The amazing developments of 1900–20 represented mobility’s first inflection point. They took us from steam to internal-combustion engines (ICEs), the “Great Horse Manure Crisis” of 1894 to “Big Oil,” and premium automobiles for the few to mass-produced cars for the millions. They also altered and even birthed entire businesses, industries, and government entities that developed alongside, but distinct from, the automotive industry: repair shops, highway authorities, gas stations, commuter railways, and car washes, to name just a few. The landscape has endured for decades.

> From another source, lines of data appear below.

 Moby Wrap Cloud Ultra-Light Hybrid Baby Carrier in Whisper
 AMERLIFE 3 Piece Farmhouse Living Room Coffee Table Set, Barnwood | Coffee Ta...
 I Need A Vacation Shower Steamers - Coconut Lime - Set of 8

But for how much longer? By 2030, we’ll see developments that may be as profound as those of a hundred years before. Radical changes—“horses-to-cars” changes, “how-we-think-about-mobility” changes—are coming, even faster this time, and across multiple dimensions. The characteristics of mobility at the second great inflection point will be significantly, not just marginally, better. Electric and autonomous vehicles, more interconnected and intelligent road networks, new customer interfaces and services, and a dramatically different competitive landscape in which tech giants, start-ups, and OEMs mix and mingle are just a few of the shifts in store. Radical improvements in cost-effectiveness, convenience, experience, safety, and environmental impact will, taken together, disrupt myriad business models on an almost inconceivable scale (exhibit).

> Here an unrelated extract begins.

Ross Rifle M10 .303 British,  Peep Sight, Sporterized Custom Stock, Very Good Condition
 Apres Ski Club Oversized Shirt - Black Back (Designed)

With any luck, it will be what people actually want—not “faster horses,” but something qualitatively different and better. We call these coming changes mobility’s Second Great Inflection Point. In this article, we’ll explain why we think it’s coming, starting with a look back at the inflection point that took place 100 years ago, including its unintended consequences, and the forces at work pushing toward a new paradigm. . . .
Much, much more. Directly related, also McKinsey:
The trends transforming mobility’s future
https://www.mckinsey.com/industries...34&hdpid=9376ba28-11da-47b7-839a-4521787ac6d6

. . . While much uncertainty remains about how, exactly, mobility’s “second great inflection point” will unfold, many of the critical building blocks, and their potential, are becoming clear. Key to these developments are four trends most easily remembered by the acronym ACES: autonomous driving, connectivity, the electrification of vehicles, and shared mobility. Another development—the prospect of hydrogen-powered mobility—is worthy of special attention because of its potential importance for electrification.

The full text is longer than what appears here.